#### [WORK ITEM]
Copy every line of the data below exactly as given, except for the pictures.

#### [Image-caption web data]
##############################

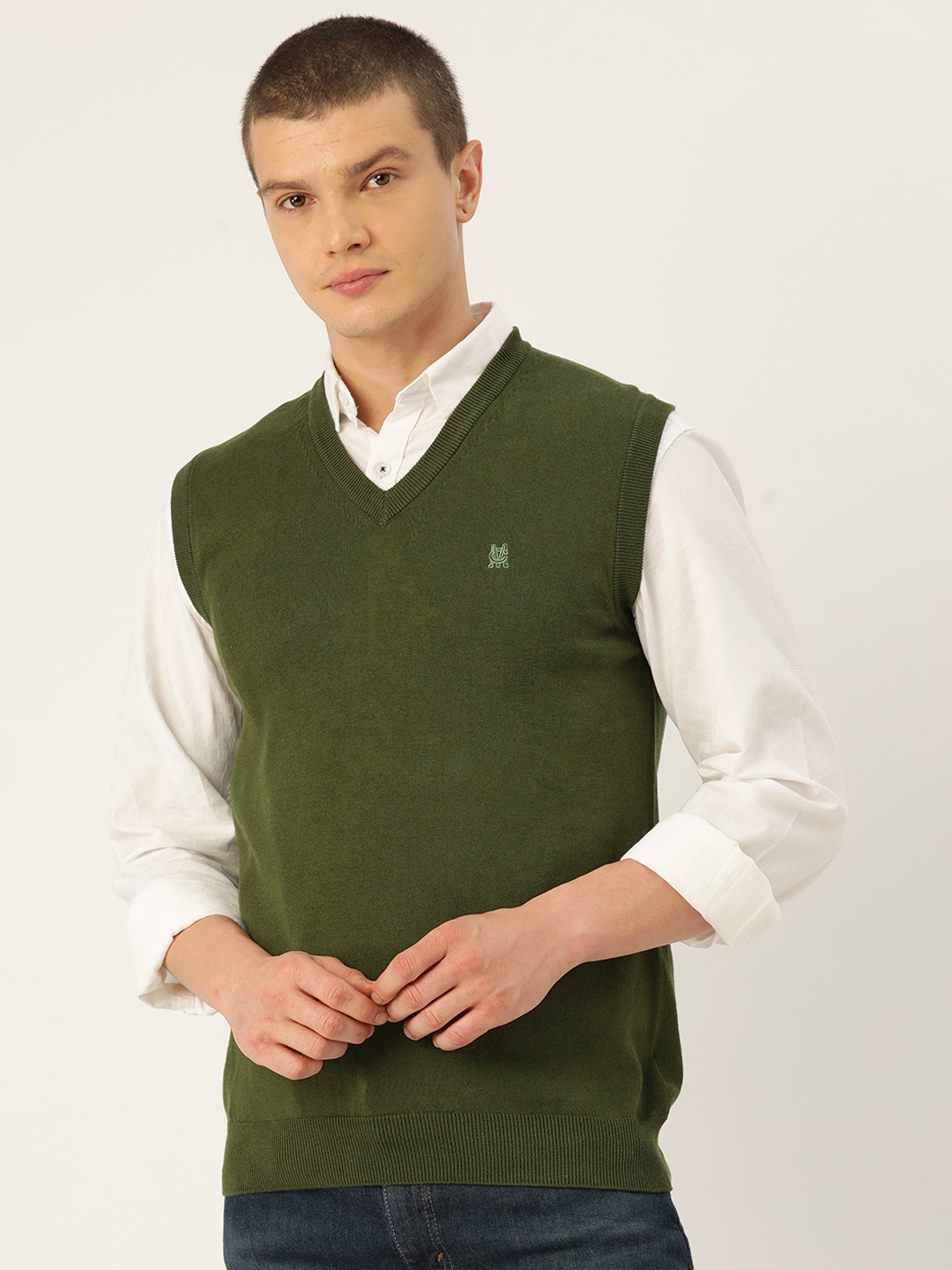

Monte Carlo Cotton Sweater Vest, Olive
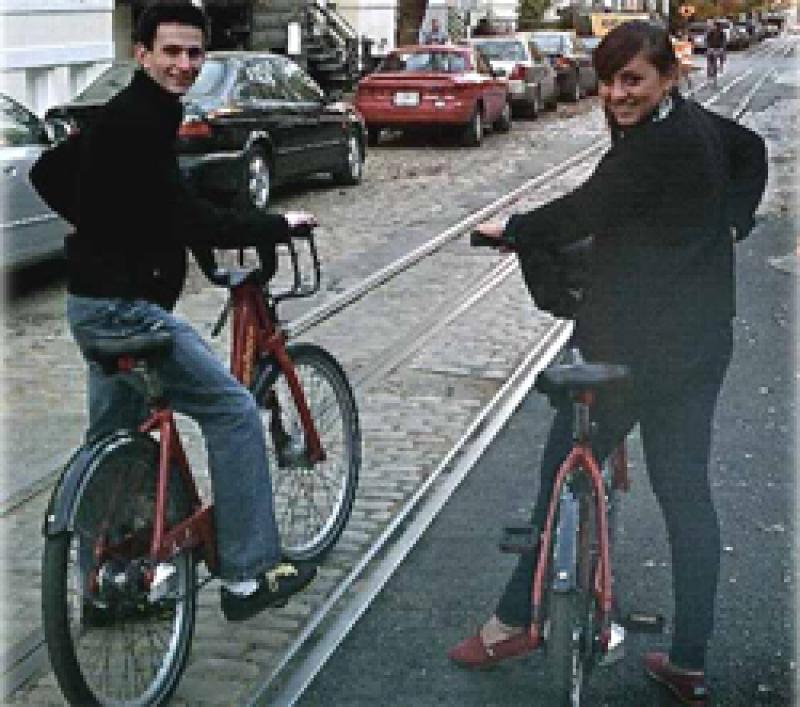 Alexandra Constantinou and friend on bikes in Washington, D.C.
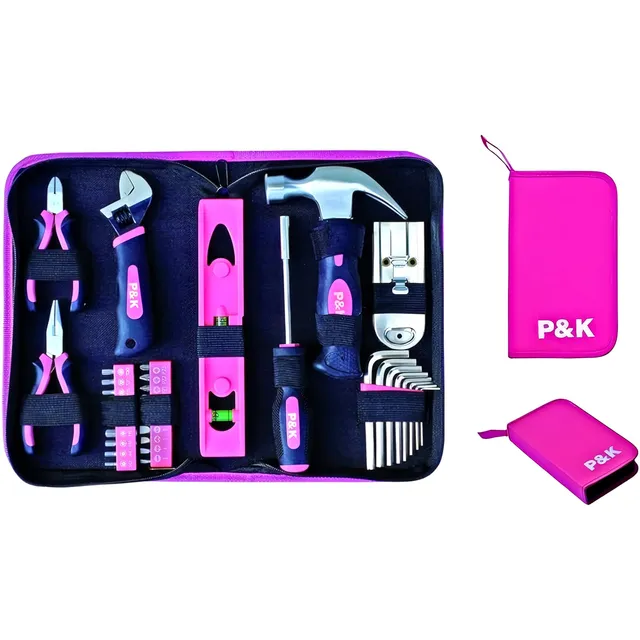 p-k-werkzeugset-35-teilig-pink-im-etui-haushalts-werkzeugkoffer-kompakt image 1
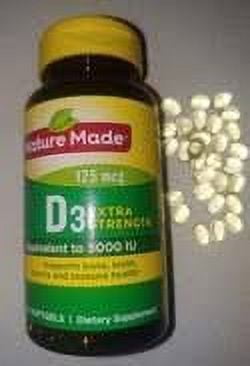 Nature Made Vitamin D3 5000 IU Ultra Strength Supports Immune Health, 90 ct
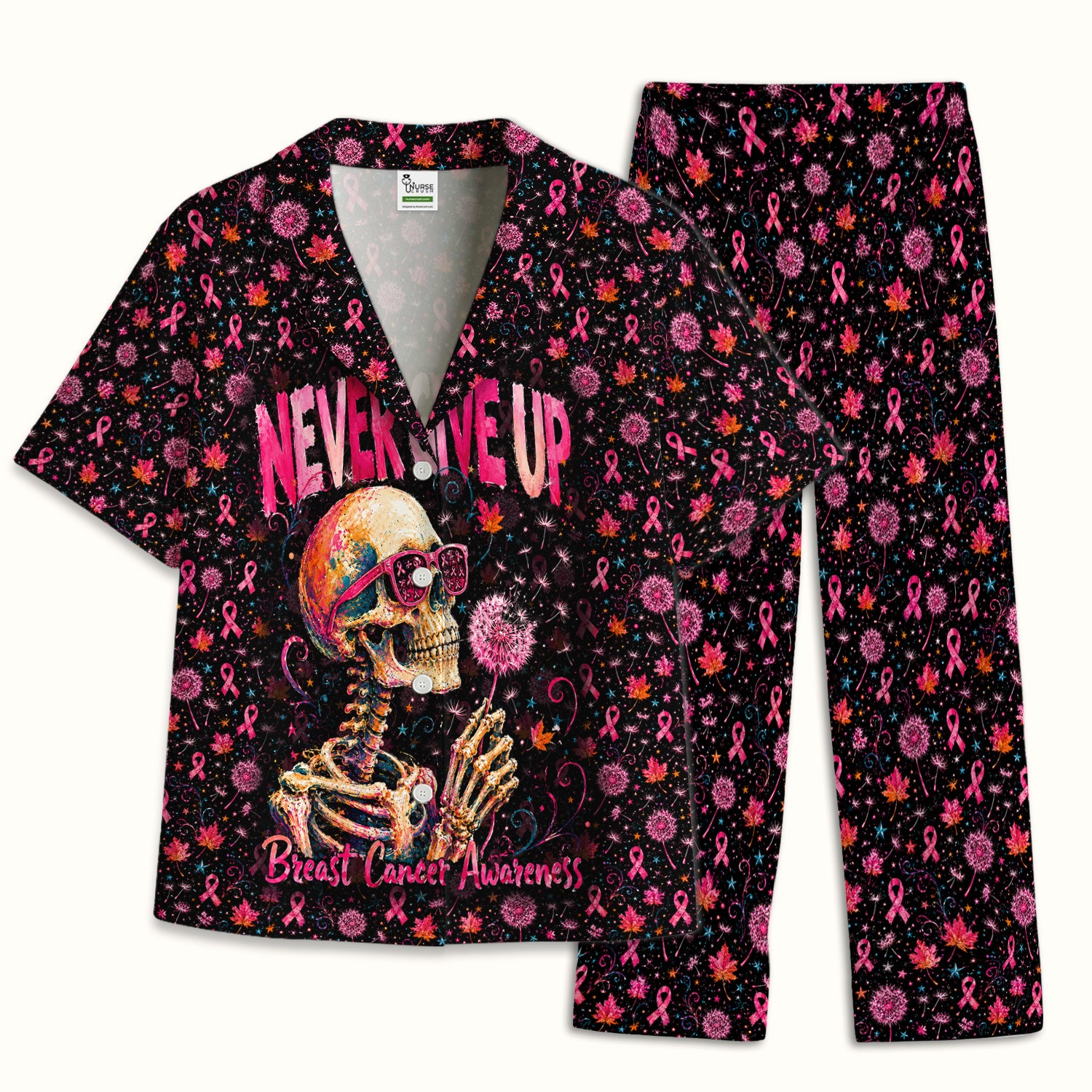 Meaningful Breast Cancer Awareness Skeleton Pajama Set, Soft Breathable Fabric Comfortable Sleepwear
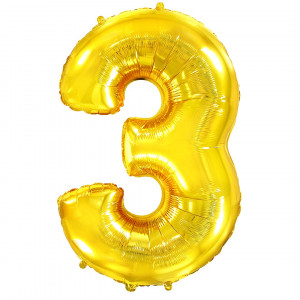 Логотип «Шар (40''/102 см) Цифра, 3, Золото, 1 шт. в уп.»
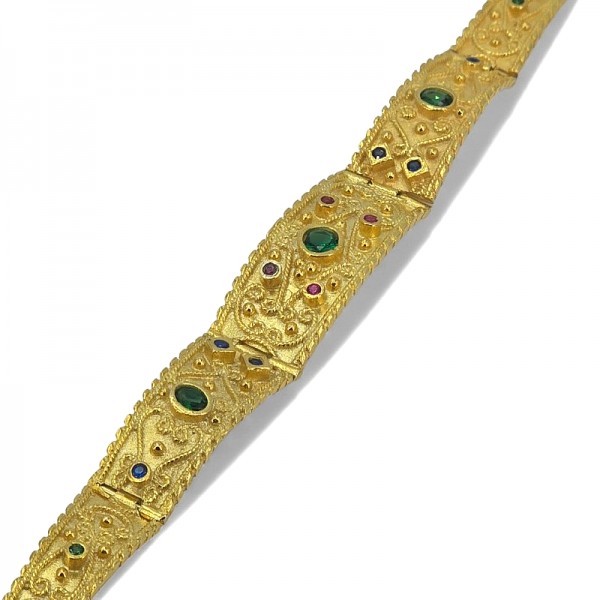 ΒΥΖΑΝΤΙΝΟ ΒΡΑΧΙΟΛΙ ΑΣΗΜΙ925 ΕΠΙΧΡΥΣΩΣΗ Κ18 ΚAI ΖΙΚΡΟΝ ΠΕΤΡΕΣ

##############################

#### [YOUR SOLUTION]
Monte Carlo Cotton Sweater Vest, Olive
 Alexandra Constantinou and friend on bikes in Washington, D.C.
 p-k-werkzeugset-35-teilig-pink-im-etui-haushalts-werkzeugkoffer-kompakt image 1
 Nature Made Vitamin D3 5000 IU Ultra Strength Supports Immune Health, 90 ct
 Meaningful Breast Cancer Awareness Skeleton Pajama Set, Soft Breathable Fabric Comfortable Sleepwear
 Логотип «Шар (40''/102 см) Цифра, 3, Золото, 1 шт. в уп.»
 ΒΥΖΑΝΤΙΝΟ ΒΡΑΧΙΟΛΙ ΑΣΗΜΙ925 ΕΠΙΧΡΥΣΩΣΗ Κ18 ΚAI ΖΙΚΡΟΝ ΠΕΤΡΕΣ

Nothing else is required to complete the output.